Guys, I found one really weird big in bblfsh. I think it is related to daemon itself but cannot be 100% sure. So do not hesitate to move this issue if I am wrong.

Context

Machine learning team really want to have reproducible results everywhere where it is possible.
So we fix all random seeds to have a deterministic code. Suddenly we find out that two identical runs of style-analyzer quality estimation give different results: src-d/style-analyzer#557. Clues lead to bblfsh and I was able to reproduce the bug without our code. Let me show you.

How to reproduce

Run in bash

docker run -d --rm --name style_analyzer_bblfshd --privileged -p 9432\:9432 \
                bblfsh/bblfshd\:v2.11.0 --log-level DEBUG
docker exec style_analyzer_bblfshd bblfshctl driver install \
                javascript docker://bblfsh/javascript-driver\:v2.6.0
# clone repo with data
git clone https://github.com/laravel/telescope
git checkout 6f0a10ec586cfa1a22218b6778bf9c1572b97912

Also checked for v1.2.0 driver version.

Run in python3

from collections import defaultdict
import pickle
import time
import os
import bblfsh

bc = bblfsh.BblfshClient("localhost:9432")
res = defaultdict(lambda: defaultdict(int))
times = defaultdict(list)
iter_n = 10
for i in range(iter_n):
    for (dirpath, dirnames, filenames) in os.walk("telescope"):
        for filename in filenames:
            try:
                t_start = time.time()
                filepath = os.path.join(dirpath, filename)
                if ".git" in filepath:
                    continue
                resp = bc.parse(filename=filepath)
                if len(res[filepath]) > 0 and resp.status not in res[filepath]:
                    print("iter %.3d New status %d for filepath %s. counter: %s " % (
                        i + 1, resp.status, filepath, dict(res[filepath])))
                res[filepath][resp.status] += 1
                times[filepath].append(time.time() - t_start)
            except Exception as e:
                print(filepath, e)
                res[filepath][repr(e)] += 1

I do not think it is important but bblfsh package version is 2.12.6.

My output head

telescope/resources/.DS_Store Content must be UTF-8, ASCII or Base64 encoded
telescope/resources/.DS_Store Content must be UTF-8, ASCII or Base64 encoded
iter 003 New status 2 for filepath telescope/webpack.mix.js. counter: {0: 2} 
telescope/resources/.DS_Store Content must be UTF-8, ASCII or Base64 encoded
telescope/resources/.DS_Store Content must be UTF-8, ASCII or Base64 encoded
iter 004 New status 2 for filepath telescope/resources/js/routes.js. counter: {0: 3} 
iter 004 New status 2 for filepath telescope/resources/js/base.js. counter: {0: 3} 

How to interpret

Mainly, if you see the message, that some file gets a new status that means that during the identical requests bblfsh return different statuses. For example, for telescope/webpack.mix.js and telescope/resources/js/routes.js it was able to parse file first but not the second time.

Notes

  1. If you set iter_n to bigger number you get much more output messages.
  2. Sometimes performance for big iter_n become super bad. Can be related to perf: bblfshd 2.9 non responsive after parsing 1000+ files bblfshd#226
  3. If you feed only js files it works great and always parse them for iter_n=100.

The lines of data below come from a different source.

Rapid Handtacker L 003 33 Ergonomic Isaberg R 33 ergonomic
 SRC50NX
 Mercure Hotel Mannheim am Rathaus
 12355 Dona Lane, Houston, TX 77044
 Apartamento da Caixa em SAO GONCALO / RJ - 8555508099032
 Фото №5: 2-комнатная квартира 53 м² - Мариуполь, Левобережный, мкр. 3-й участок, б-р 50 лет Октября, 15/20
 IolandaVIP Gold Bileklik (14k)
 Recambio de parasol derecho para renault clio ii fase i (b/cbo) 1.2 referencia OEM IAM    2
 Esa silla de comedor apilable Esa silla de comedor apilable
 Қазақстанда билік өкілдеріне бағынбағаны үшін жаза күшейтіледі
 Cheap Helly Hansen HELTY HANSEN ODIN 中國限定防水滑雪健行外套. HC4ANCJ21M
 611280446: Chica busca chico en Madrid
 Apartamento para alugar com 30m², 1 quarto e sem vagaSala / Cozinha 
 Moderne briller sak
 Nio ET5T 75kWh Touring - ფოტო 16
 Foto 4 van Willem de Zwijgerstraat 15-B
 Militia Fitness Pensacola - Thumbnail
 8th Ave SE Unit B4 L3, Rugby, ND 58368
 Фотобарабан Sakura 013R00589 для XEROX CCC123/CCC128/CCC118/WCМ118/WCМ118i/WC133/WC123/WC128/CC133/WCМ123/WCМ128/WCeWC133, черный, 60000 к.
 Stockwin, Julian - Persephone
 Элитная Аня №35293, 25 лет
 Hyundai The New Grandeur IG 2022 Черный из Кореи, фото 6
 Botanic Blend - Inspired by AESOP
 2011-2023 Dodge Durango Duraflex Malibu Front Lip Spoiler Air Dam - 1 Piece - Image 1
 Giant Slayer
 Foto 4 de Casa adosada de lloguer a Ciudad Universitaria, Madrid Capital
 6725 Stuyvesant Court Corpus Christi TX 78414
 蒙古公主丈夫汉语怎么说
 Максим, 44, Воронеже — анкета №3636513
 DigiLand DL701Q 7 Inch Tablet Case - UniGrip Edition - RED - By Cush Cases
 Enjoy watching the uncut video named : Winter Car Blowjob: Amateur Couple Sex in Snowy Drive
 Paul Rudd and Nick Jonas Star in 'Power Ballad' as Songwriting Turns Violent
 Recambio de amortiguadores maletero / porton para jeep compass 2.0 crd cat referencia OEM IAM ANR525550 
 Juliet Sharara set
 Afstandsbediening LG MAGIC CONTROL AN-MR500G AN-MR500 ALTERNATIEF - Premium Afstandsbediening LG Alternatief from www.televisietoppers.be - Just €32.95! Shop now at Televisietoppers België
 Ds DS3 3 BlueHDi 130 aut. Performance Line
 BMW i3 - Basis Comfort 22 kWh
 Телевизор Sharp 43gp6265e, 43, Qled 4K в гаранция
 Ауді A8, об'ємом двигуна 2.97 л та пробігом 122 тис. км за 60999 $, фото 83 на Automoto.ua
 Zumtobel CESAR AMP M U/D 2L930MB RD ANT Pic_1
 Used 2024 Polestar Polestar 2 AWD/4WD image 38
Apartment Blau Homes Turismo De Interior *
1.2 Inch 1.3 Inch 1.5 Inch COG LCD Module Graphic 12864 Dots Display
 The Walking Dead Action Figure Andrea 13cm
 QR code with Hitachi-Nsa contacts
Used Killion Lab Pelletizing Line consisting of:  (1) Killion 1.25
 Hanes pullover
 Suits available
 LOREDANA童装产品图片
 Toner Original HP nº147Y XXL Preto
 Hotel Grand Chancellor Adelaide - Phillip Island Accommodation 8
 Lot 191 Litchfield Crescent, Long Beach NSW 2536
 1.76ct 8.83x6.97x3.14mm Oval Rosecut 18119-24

So it is important for ML team to have reproducible output from bblfsh.
Please tell me if you are able to reproduce the issue or need more info from my side.

@creachadair
Copy link
Contributor

Out of curiosity, have you seen this happen with languages other than JS? I'm asking since it's not yet clear whether this points to a driver bug (which I suspect) or an SDK bug (which is also possible).

@zurk
Copy link
Author

zurk commented Jan 30, 2019

No, but it is fast to check, so I did it. Thanks for the question because I found a bug in my code snippet and fix it (first msg updated). But the bug is still on place.

So, I run the test for latest python driver and https://github.com/src-d/style-analyzer repo and it looks fine. The bblfsh output was the same during 28 iterantions and then I stop it.

I think we can safely move this one to https://github.com/bblfsh/javascript-driver/issues

@creachadair
Copy link
Contributor

I think we can safely move this one to https://github.com/bblfsh/javascript-driver/issues

I agree, though I don't seem to have the permissions to do that.

@zurk
Copy link
Author

zurk commented Feb 5, 2019

@smola can I kindly ask you to move this issue to https://github.com/bblfsh/javascript-driver?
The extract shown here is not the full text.